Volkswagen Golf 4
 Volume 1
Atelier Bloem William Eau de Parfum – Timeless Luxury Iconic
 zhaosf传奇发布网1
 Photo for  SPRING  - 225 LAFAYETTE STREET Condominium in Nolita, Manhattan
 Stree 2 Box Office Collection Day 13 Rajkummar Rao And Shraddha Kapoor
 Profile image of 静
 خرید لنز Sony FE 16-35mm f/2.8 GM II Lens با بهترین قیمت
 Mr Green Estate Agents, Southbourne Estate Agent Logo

▸ **What to do**: After locating the line containing "خرید لنز Sony", give that line and every later line of the listing again exactly, up to and including the last.

▸ **Response area**:
 خرید لنز Sony FE 16-35mm f/2.8 GM II Lens با بهترین قیمت
 Mr Green Estate Agents, Southbourne Estate Agent Logo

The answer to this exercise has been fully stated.